=== Begin Enclosure ===

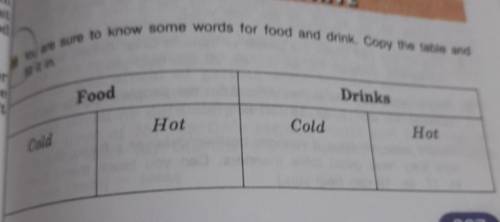 25 You are sure to know some words for food and drink. Copy the table and orfill it inheetFoodDrinks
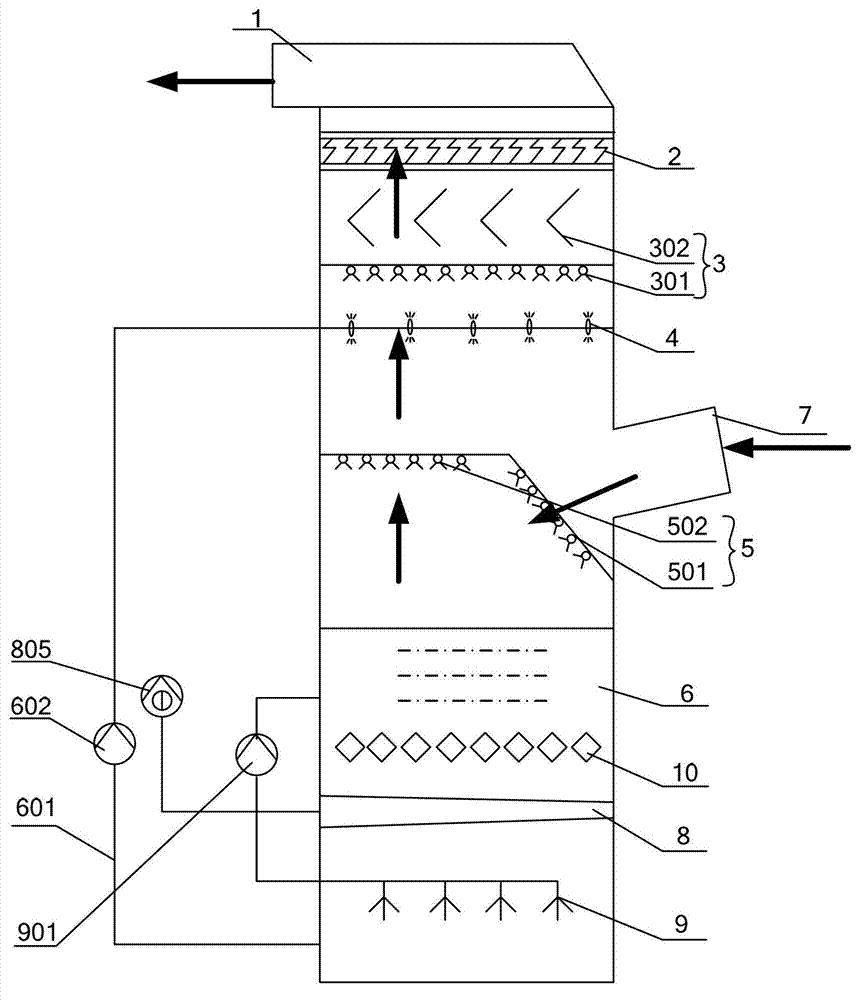 Removal tower and method for collaboratively desulfurizing and removing PM2.5 (Particulate Matter 2.5) in smoke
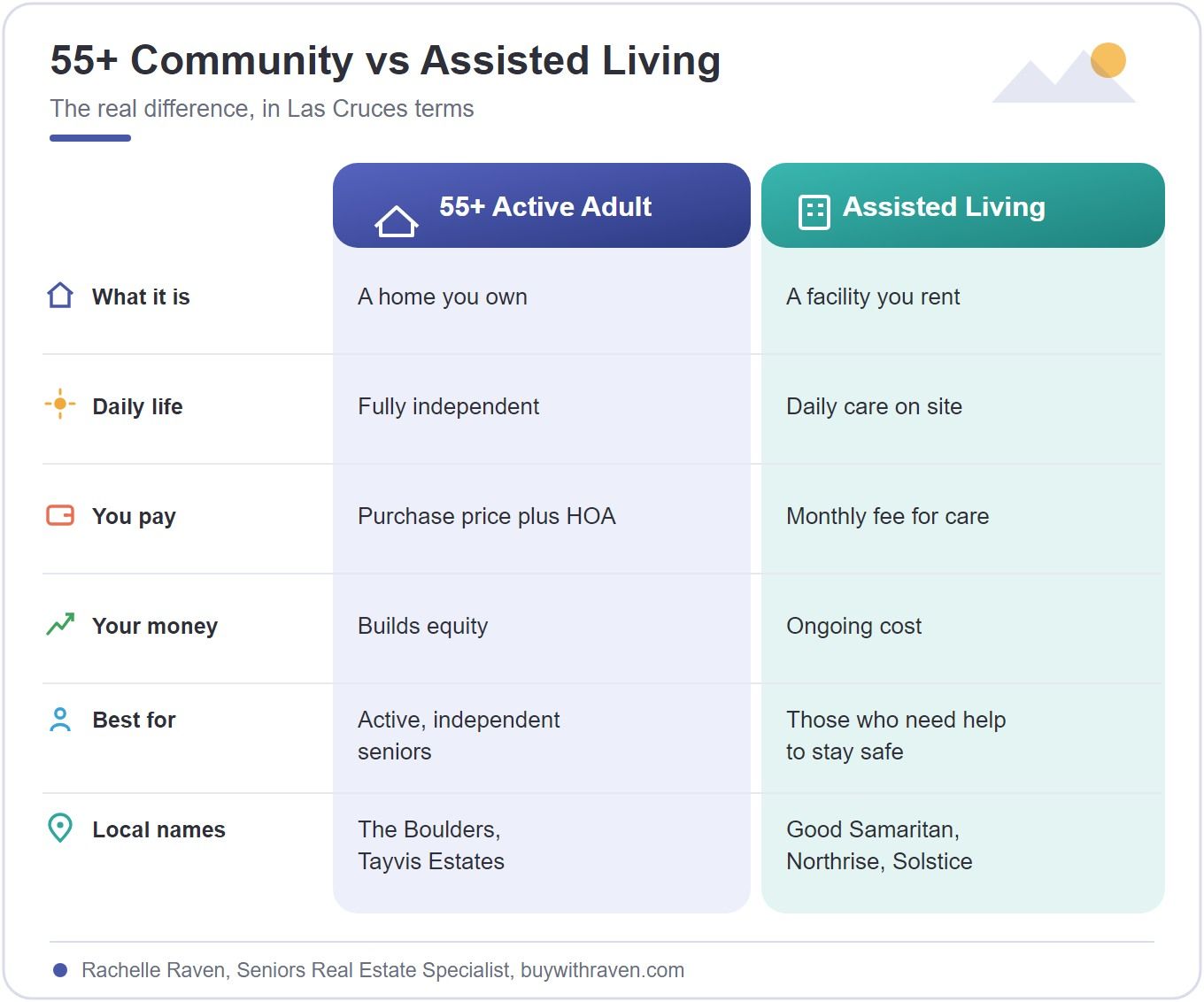 Comparison of 55 plus active adult communities and assisted living in Las Cruces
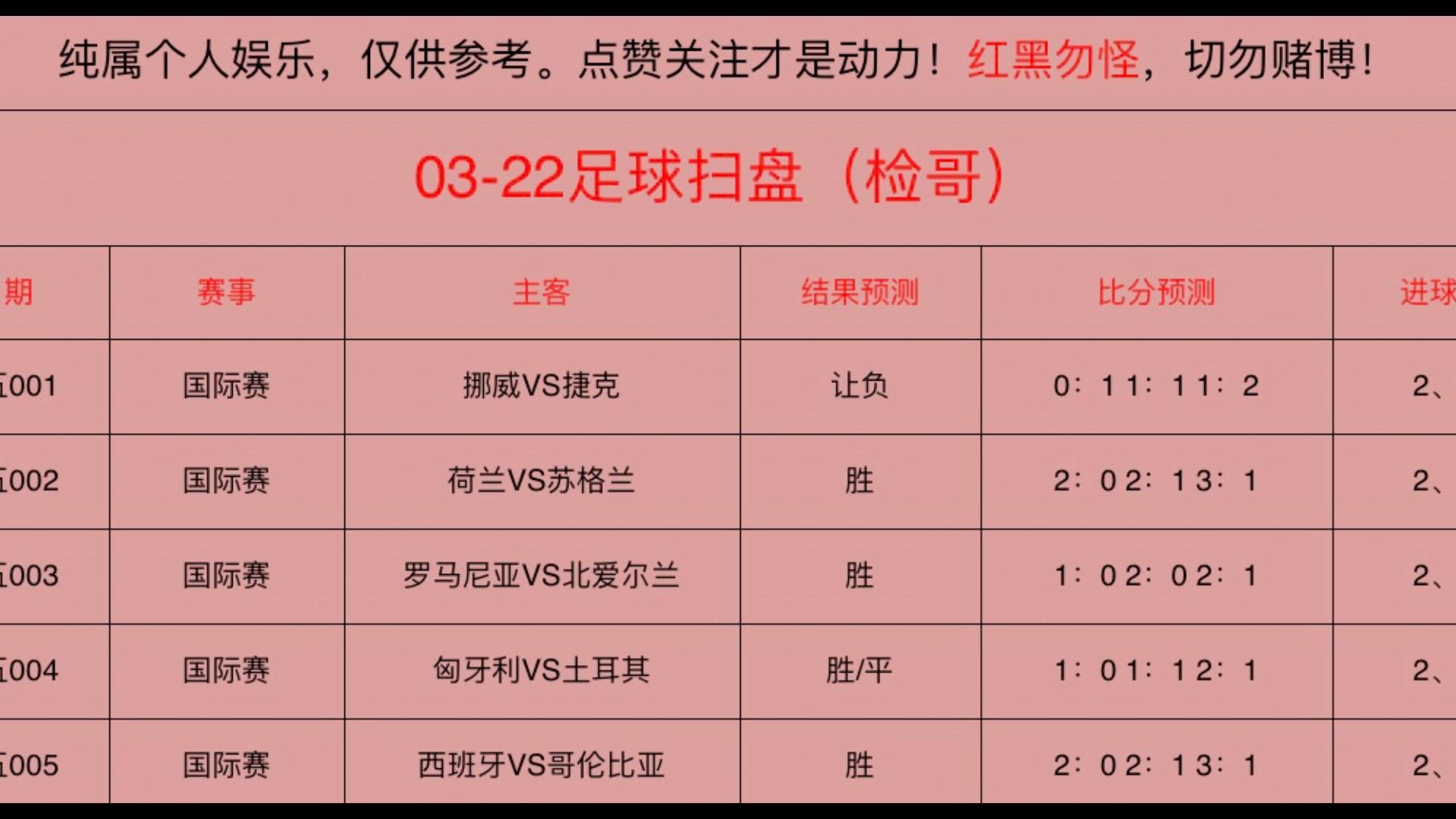 🥀2026🎱世界杯🐔让球开户🚭今天的足球比分预测 🏆hg08体育38368·CC🎁 🥀2026🎱世界杯🐔让球开户🚭今天的足球比分预测 🏆hg08体育38368·CC🎁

=== End Enclosure ===

__BRIEF__
Find the line containing "Comparison of 55", then extract it and every line after it to the end of the data above, exactly and nothing else, without pictures.

__TASK RESPONSE__
 Comparison of 55 plus active adult communities and assisted living in Las Cruces
 🥀2026🎱世界杯🐔让球开户🚭今天的足球比分预测 🏆hg08体育38368·CC🎁 🥀2026🎱世界杯🐔让球开户🚭今天的足球比分预测 🏆hg08体育38368·CC🎁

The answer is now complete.